Conversely, when confronted about the field data falling short of the scope limits, the Chief will ask, “Do you realize how long it would take to get all that?” Counter by asking, “How long do you think it will take?” These tests will help the Chief understand the various aspects of the estimating process.

Example of defining scope limits. Use color codes as an aid. Green is good. Red is beyond limits.


Creativity is necessary in both formulating and executing a plan. Encourage participation in the creative process to improve efficiency and tackle difficult problems. Listen to every suggestion. Some suggestions may already be a part of the plan, and some may not be useful at all. However, if only one idea out of twenty is used, it may be a gem, so every idea must be considered. If all ideas are summarily rejected, then team members will become discouraged and reluctant to offer any suggestions, wanting to avoid certain humiliation. This may even cause the team to remain silent when they are certain a mistake being made.

In this context, creativity is not necessarily devising an innovative approach, but more of an ability to envision the processes necessary to achieve desired goals. If the Team has some advance knowledge of a project, they can ponder over the major events, and conceive their own ideas for executing the various tasks. For example, if a team knows the survey falls within dense woods, they can make certain their machetes are sharp. If the Field Team has only sketchy details, they will have to scramble to prepare and may forget something essential to the process.
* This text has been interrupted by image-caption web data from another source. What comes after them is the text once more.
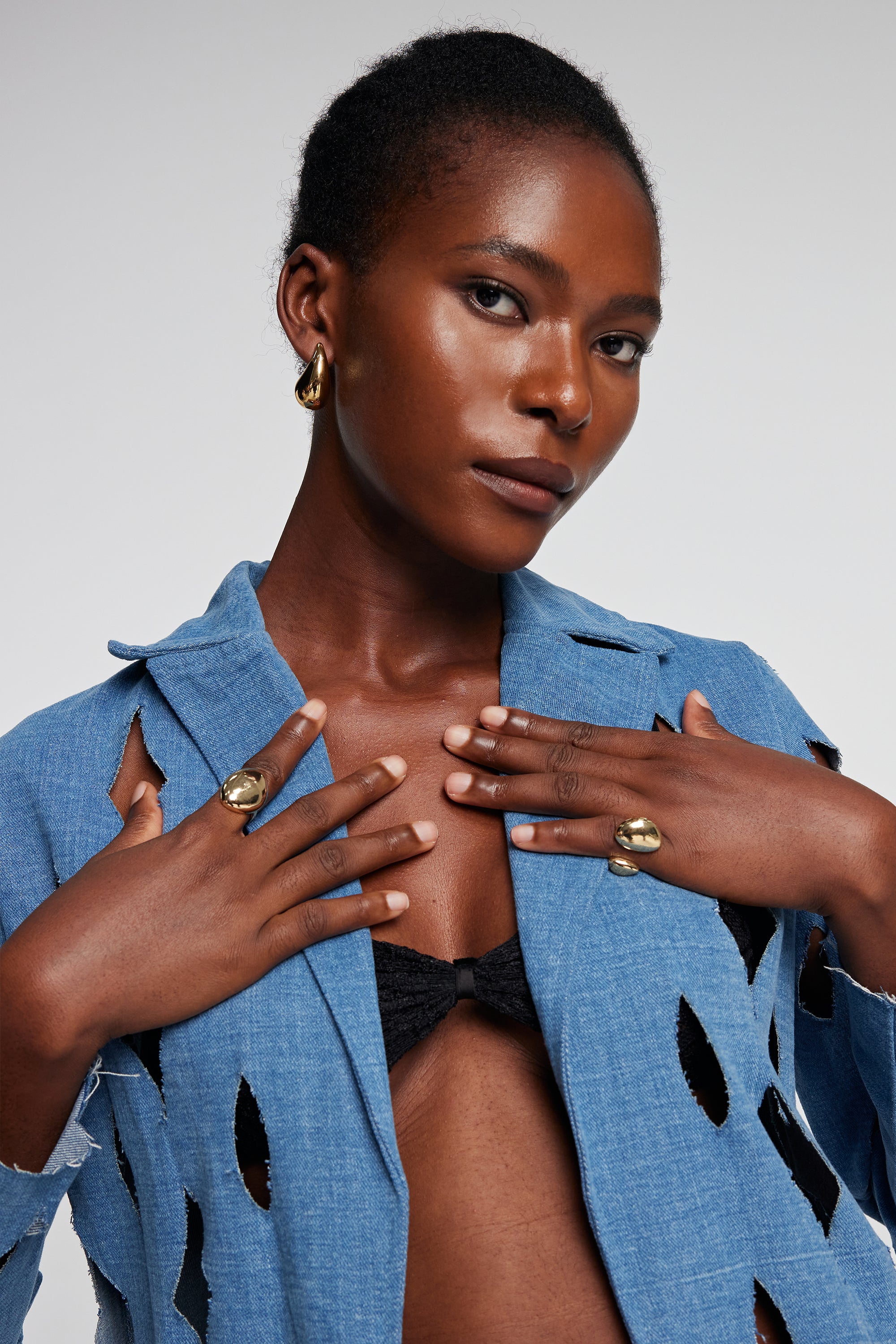 Gold Asymmetric Drop Ring - Elegant Glossy Statement Piece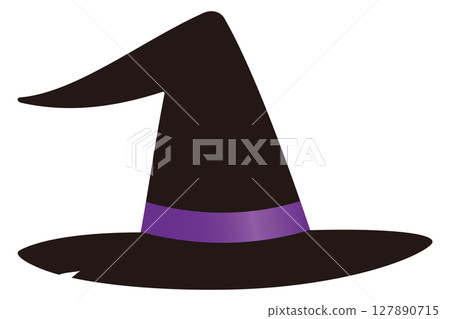 Witch's hat with purple ribbon 127890715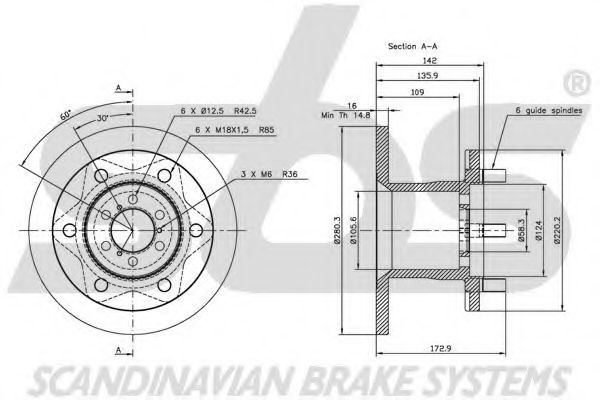 Тормозной диск EURODEAL AUTOPARTS 661
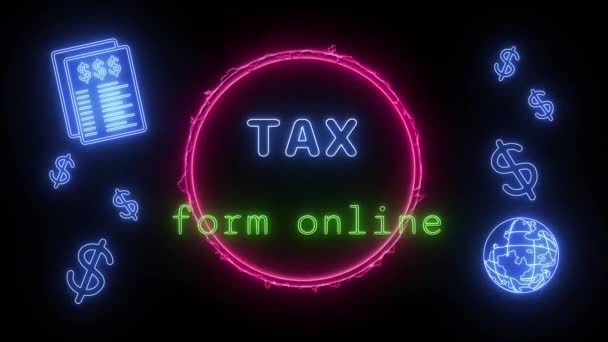 Daňový Formulář Online Neon Modrozelený Fluorescenční Text Animace Růžový Rám — Stock video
The field team should be encouraged to explore the scope, as well as the other contents of the field folder, including plats, R/W Maps, deeds, standards, etc. (see illustration) Some surveyors find this type of research a tedious exercise, but exploration is the stock-in-trade of surveying, so research is a necessary function and must be done with gusto.

The Hard Part

The cost of preparation will vary depending on complexities and scheduling parameters. If Chiefs are expected to know the scope, they cannot be rushed through preparation. The 1st question of the Kick-off Meeting should be “have you studied the scope?” If the answer is “no”, then allow them time for that purpose. This may amount to a costly delay but will be time well spent if they re-emerge with a grasp the concepts and have formulated a plan. Give the Chief the opportunity to explain his or her approach to executing the plan. It may not be the exact the path you had in mind, but it will demonstrate the Chief has carefully considered matter and has developed a viable plan. And if a problem arises, at least the Chief will be better prepared to devise a solution, instead of struggling.
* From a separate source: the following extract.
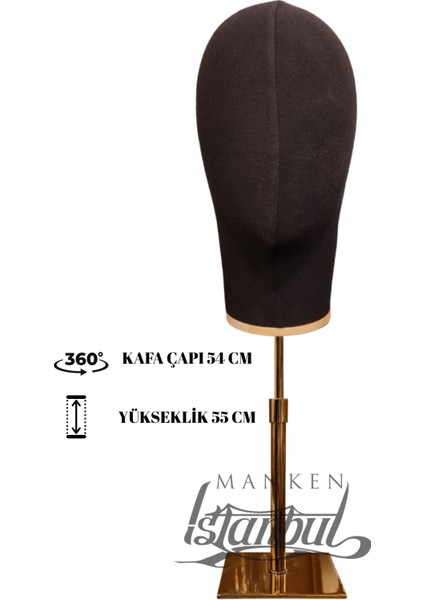 Kumaş Kaplı Gold Standlı Polyester Kafa Mankeni Aksesuar Mankeni Şapka Mankeni Peruk Mankeni indirimleri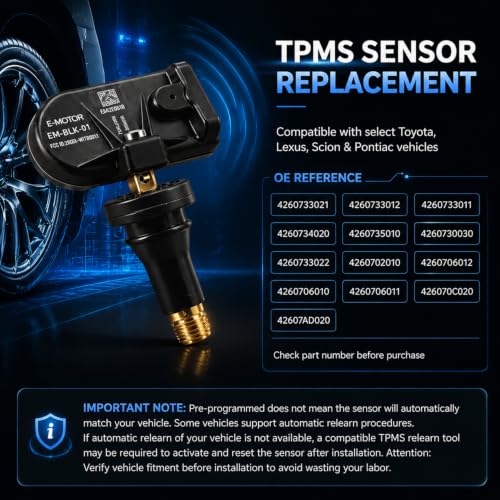 E-Motor PMV-107J TPMS Sensors 42607-33021 Fit for Toyota Lexus GS ES GX RX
There will also be an adjustment for management. Crews are expected to hit the road by 7:15, but it may be necessary to start a half an hour earlier. Also, encourage the team to discuss the project on their way to the job site. Unfortunately, there are many cases of Field Teams driving to the job, only to return to the office because they forgot something essential to the job. When that occurs, it’s unsettling to think that the crew never discussed the job but knowing there was plenty of talk about sports, or fishing or pretty girls. Hopefully, the team will learn a valuable lesson from that episode and focus on their duties—along with the pretty girls.
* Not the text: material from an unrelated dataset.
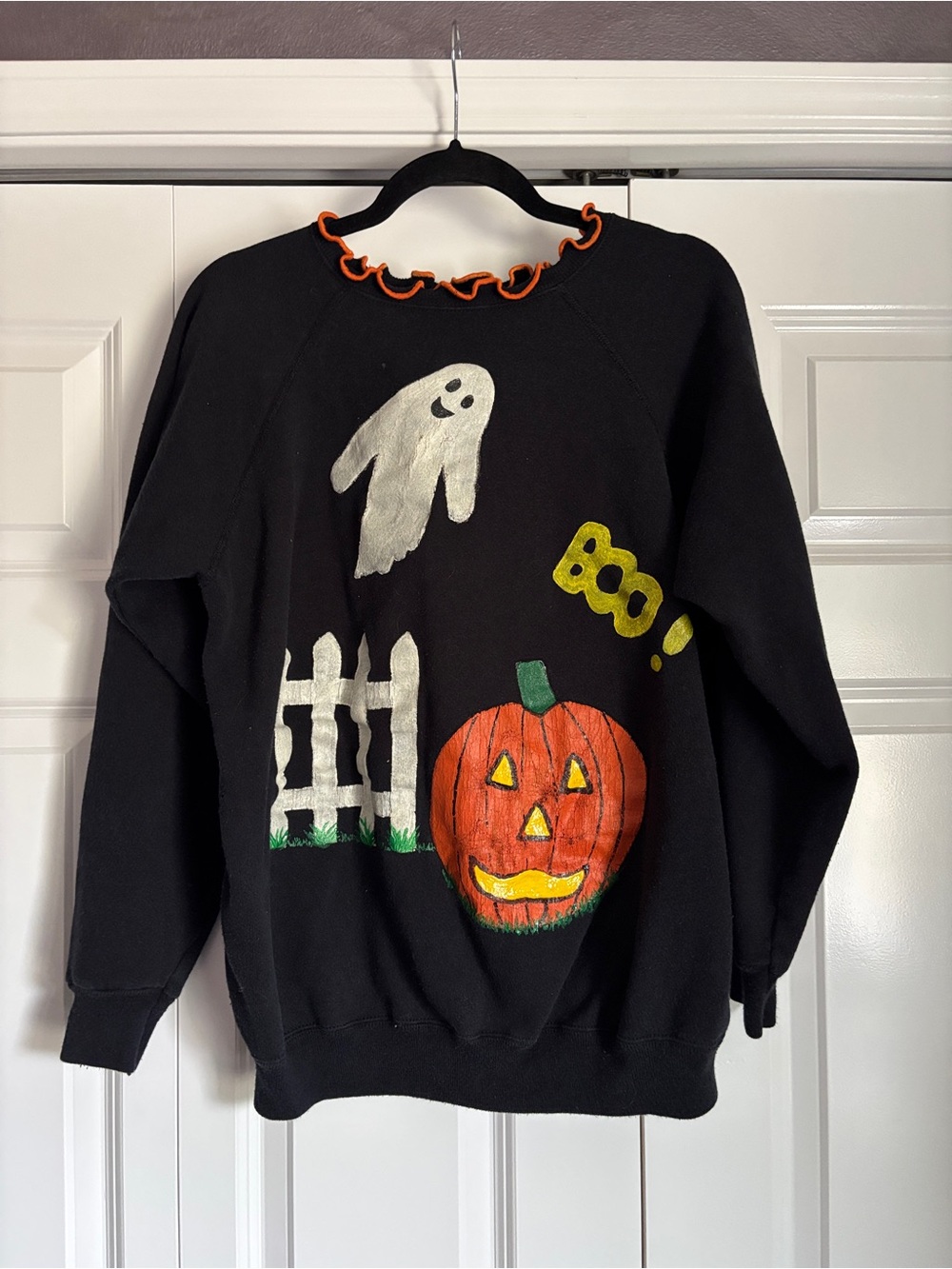 VTG Hand Painted Black Halloween Sweatshirt with Orange Ruffle Trim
Employees will react differently to this approach. Some will take it lightly and maintain the status quo. Other workers may initially adopt the philosophy, but their enthusiasm will fade in time. Others will take it to heart and will display an inquisitive nature in all aspects of the job—something we pray for in the surveying profession. Of course, a go-getter may be teased by their co-workers and branded as a “company man”. However, in the eyes of Management, that person may be characterized as an excellent worker. In any event, that person is the star of the show.◾

Dave Rentfrow is a Level IV Certified Field Manager and Level IV Certified Survey Office Manager, and has been a Project Manager since 2006.